• _Material for this exercise_:
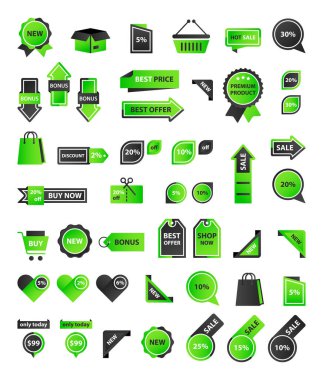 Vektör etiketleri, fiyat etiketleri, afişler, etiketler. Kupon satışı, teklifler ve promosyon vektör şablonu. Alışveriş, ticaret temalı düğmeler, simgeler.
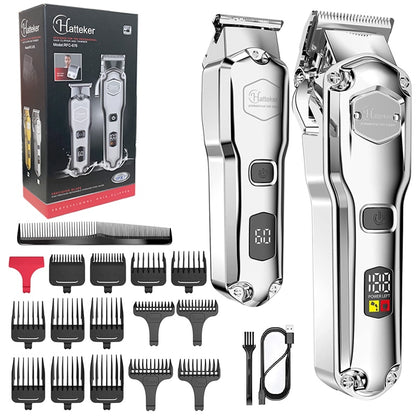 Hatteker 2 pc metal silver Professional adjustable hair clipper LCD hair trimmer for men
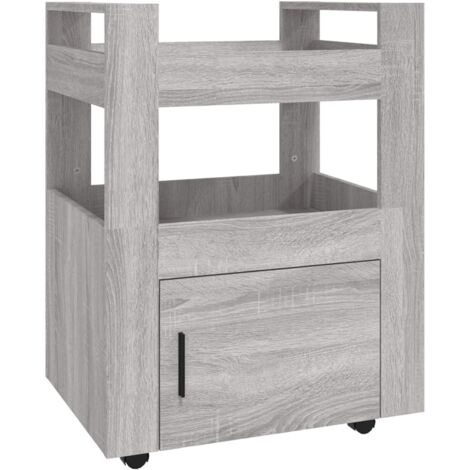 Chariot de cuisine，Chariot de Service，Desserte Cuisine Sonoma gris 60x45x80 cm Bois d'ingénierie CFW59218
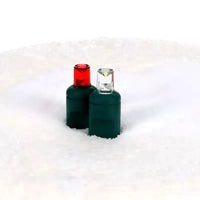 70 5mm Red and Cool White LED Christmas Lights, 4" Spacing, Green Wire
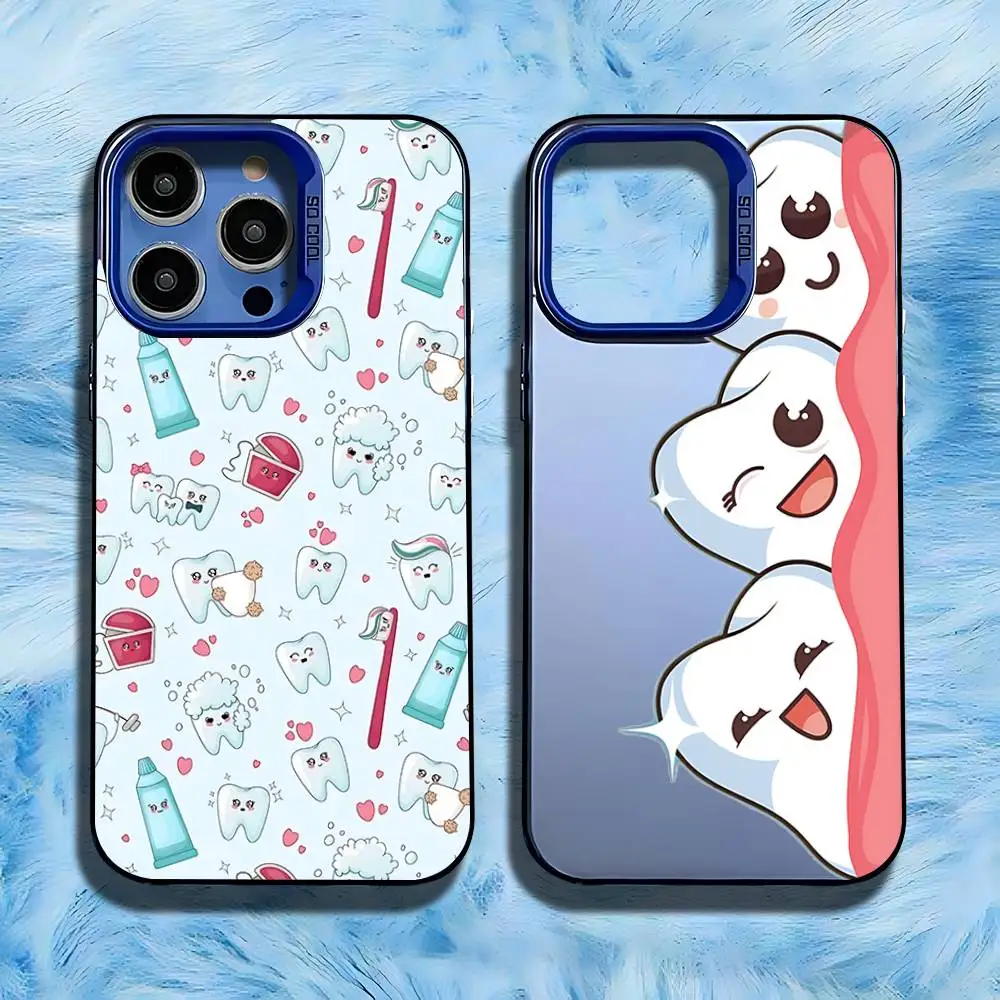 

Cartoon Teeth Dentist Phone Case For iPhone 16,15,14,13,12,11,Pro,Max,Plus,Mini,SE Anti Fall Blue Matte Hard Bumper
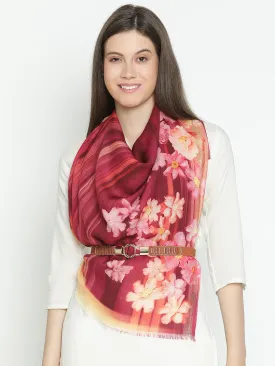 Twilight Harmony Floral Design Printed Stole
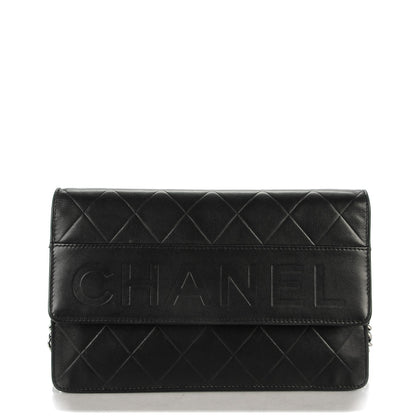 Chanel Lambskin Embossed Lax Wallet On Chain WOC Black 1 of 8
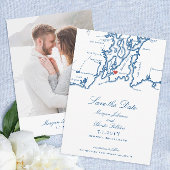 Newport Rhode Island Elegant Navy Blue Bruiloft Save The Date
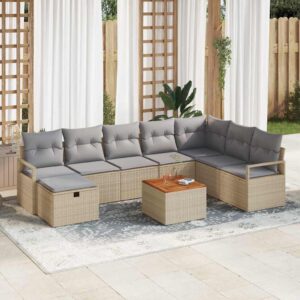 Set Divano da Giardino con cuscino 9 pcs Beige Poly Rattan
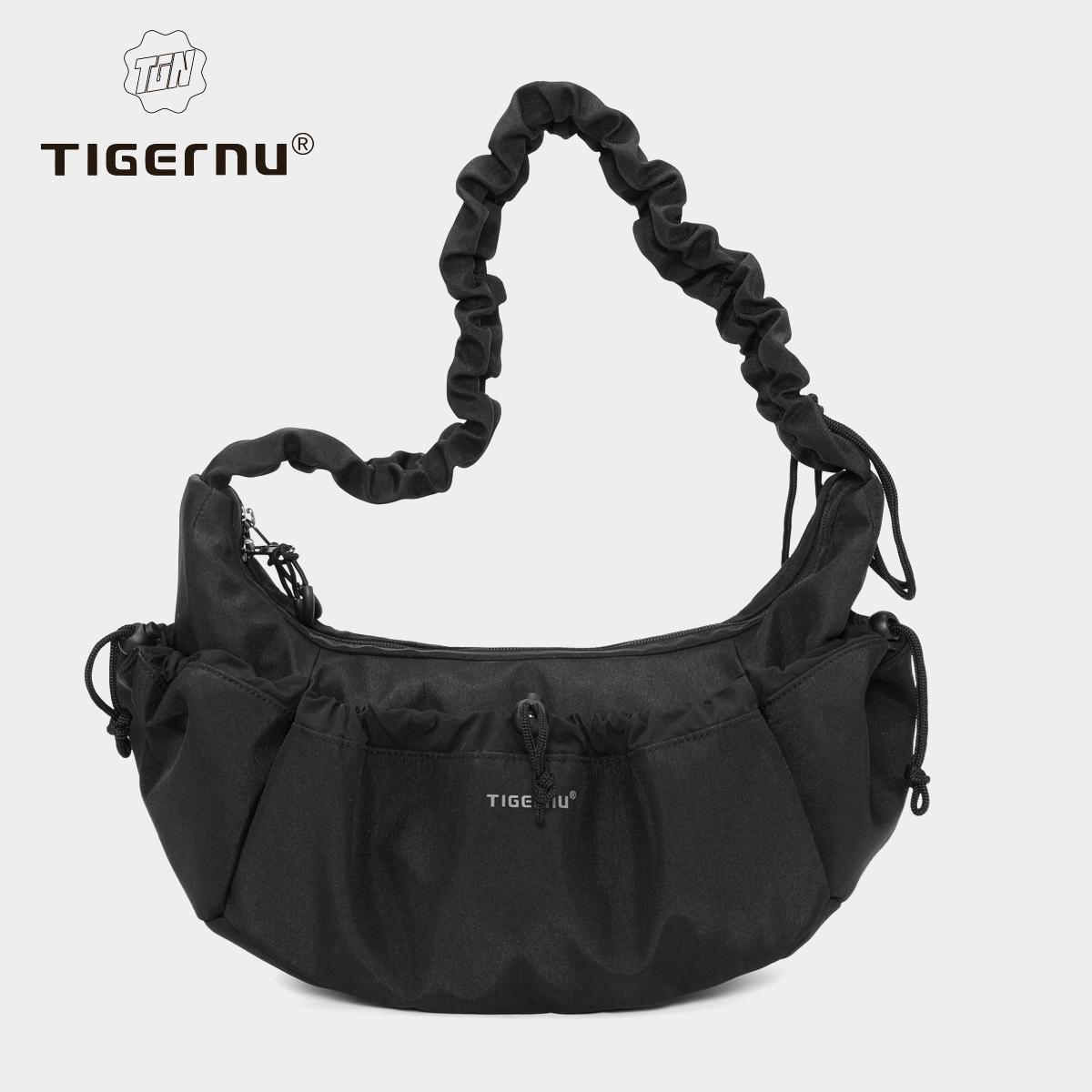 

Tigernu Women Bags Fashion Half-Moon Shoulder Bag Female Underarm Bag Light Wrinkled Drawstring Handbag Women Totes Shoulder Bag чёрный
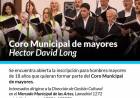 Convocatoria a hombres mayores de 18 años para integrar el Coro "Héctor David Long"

---

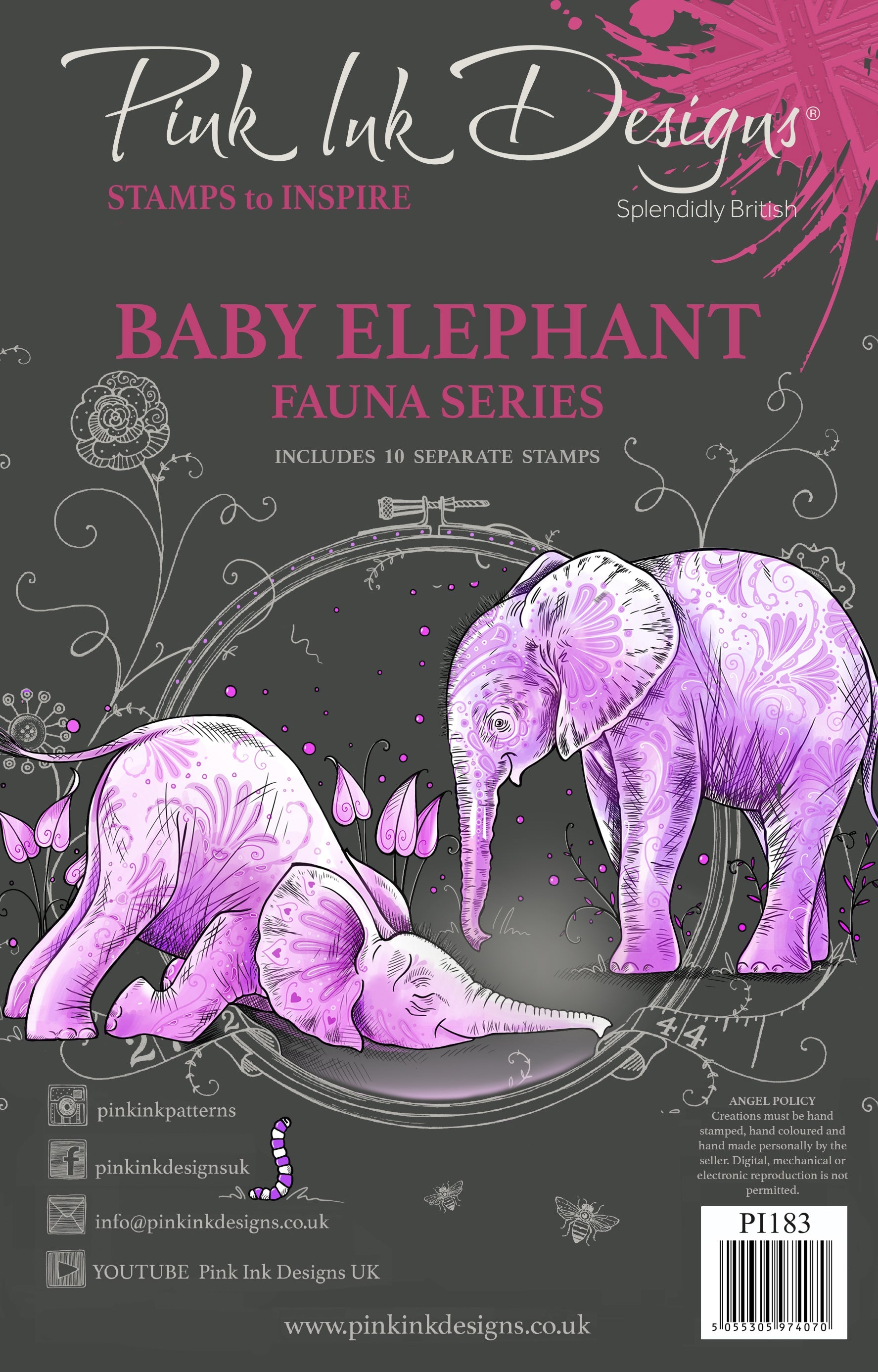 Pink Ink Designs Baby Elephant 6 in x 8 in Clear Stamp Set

...

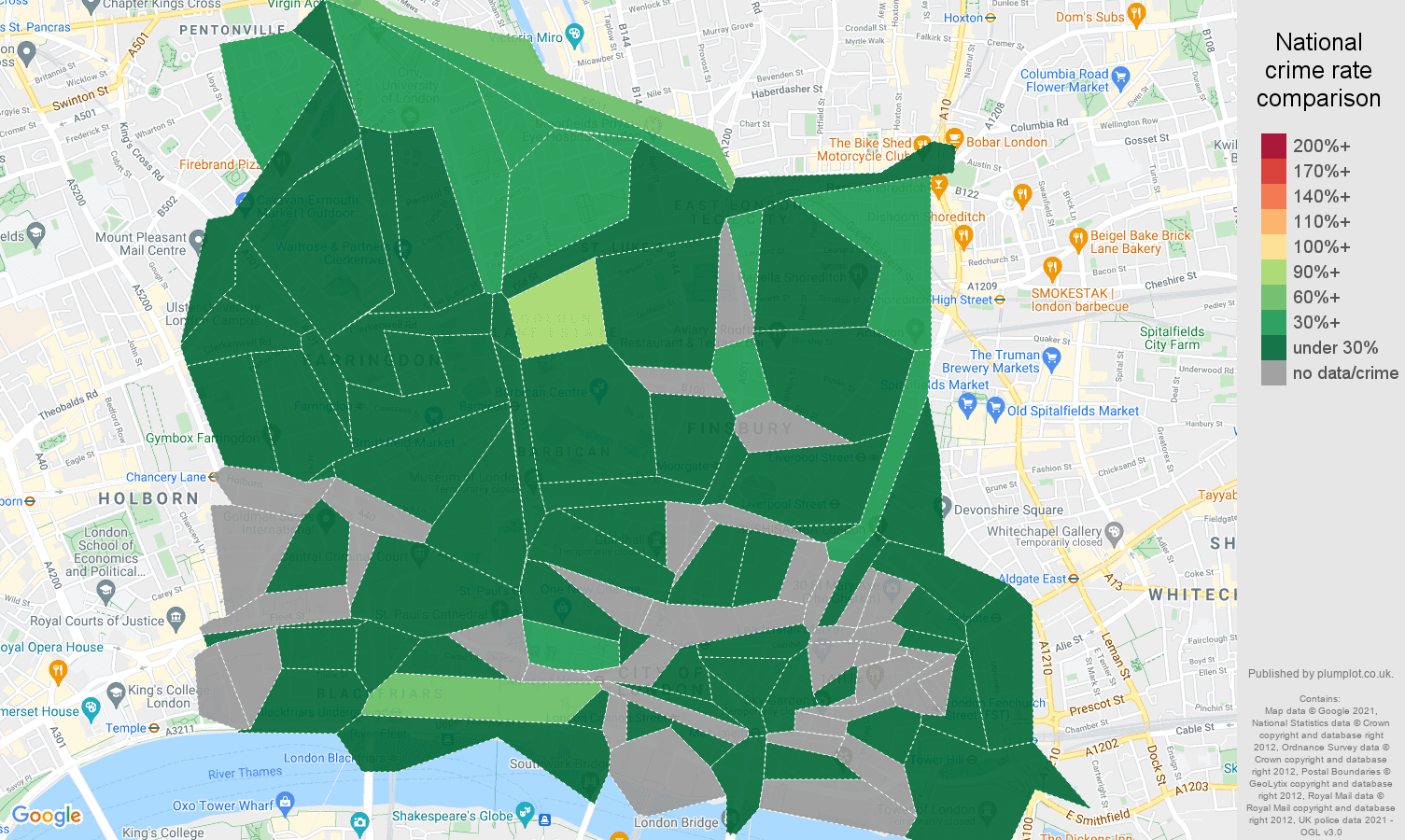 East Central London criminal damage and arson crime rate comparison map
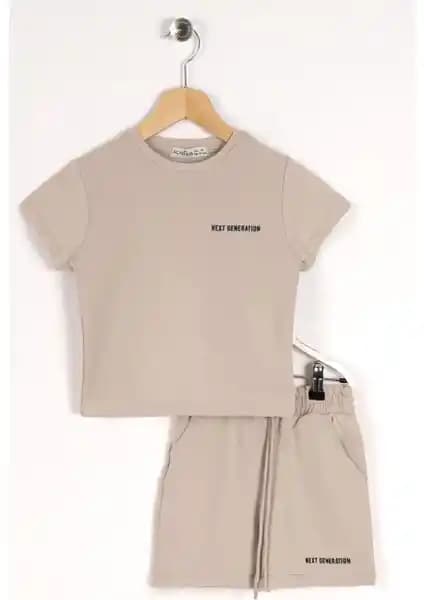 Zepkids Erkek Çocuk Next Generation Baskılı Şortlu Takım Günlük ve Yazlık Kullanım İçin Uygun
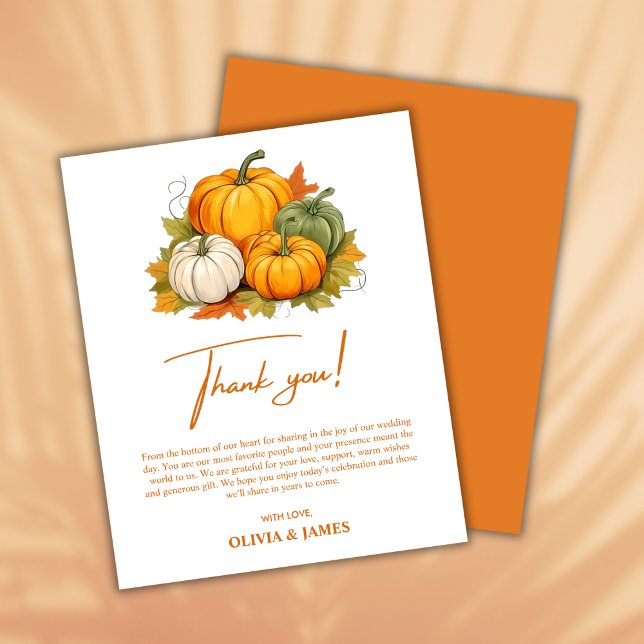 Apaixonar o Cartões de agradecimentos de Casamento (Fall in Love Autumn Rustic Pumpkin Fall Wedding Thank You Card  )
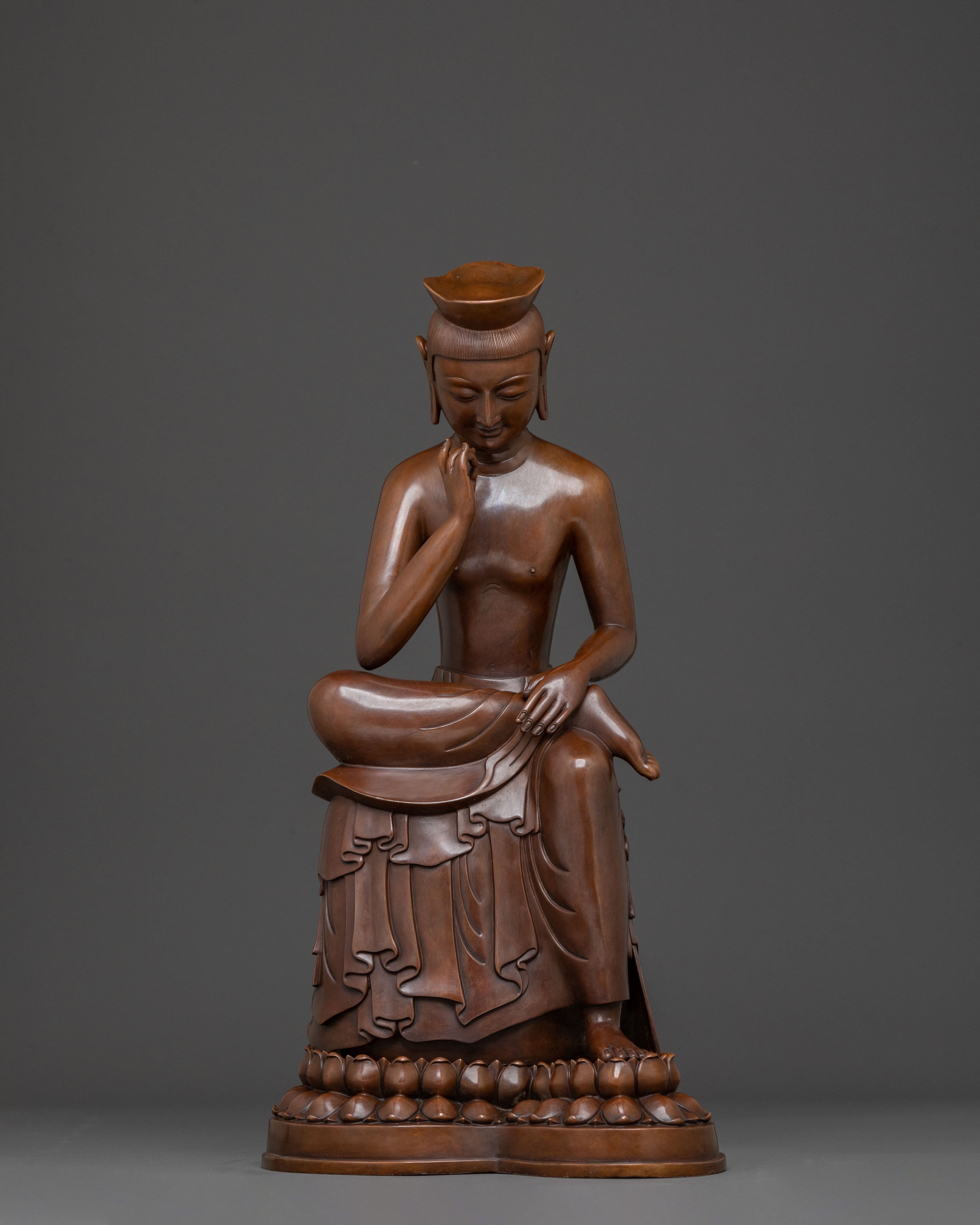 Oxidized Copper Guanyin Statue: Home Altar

• _Your objective_: When copying from the data above, begin at the line containing "Vektör etiketleri, fiyat" and end at the line containing "Convocatoria a hombres"; return those lines exactly and leave all pictures behind.

• _Solved exercise_:
 Vektör etiketleri, fiyat etiketleri, afişler, etiketler. Kupon satışı, teklifler ve promosyon vektör şablonu. Alışveriş, ticaret temalı düğmeler, simgeler.
 Hatteker 2 pc metal silver Professional adjustable hair clipper LCD hair trimmer for men
 Chariot de cuisine，Chariot de Service，Desserte Cuisine Sonoma gris 60x45x80 cm Bois d'ingénierie CFW59218
 70 5mm Red and Cool White LED Christmas Lights, 4" Spacing, Green Wire

Cartoon Teeth Dentist Phone Case For iPhone 16,15,14,13,12,11,Pro,Max,Plus,Mini,SE Anti Fall Blue Matte Hard Bumper
 Twilight Harmony Floral Design Printed Stole
 Chanel Lambskin Embossed Lax Wallet On Chain WOC Black 1 of 8
 Newport Rhode Island Elegant Navy Blue Bruiloft Save The Date
 Set Divano da Giardino con cuscino 9 pcs Beige Poly Rattan

Tigernu Women Bags Fashion Half-Moon Shoulder Bag Female Underarm Bag Light Wrinkled Drawstring Handbag Women Totes Shoulder Bag чёрный
 Convocatoria a hombres mayores de 18 años para integrar el Coro "Héctor David Long"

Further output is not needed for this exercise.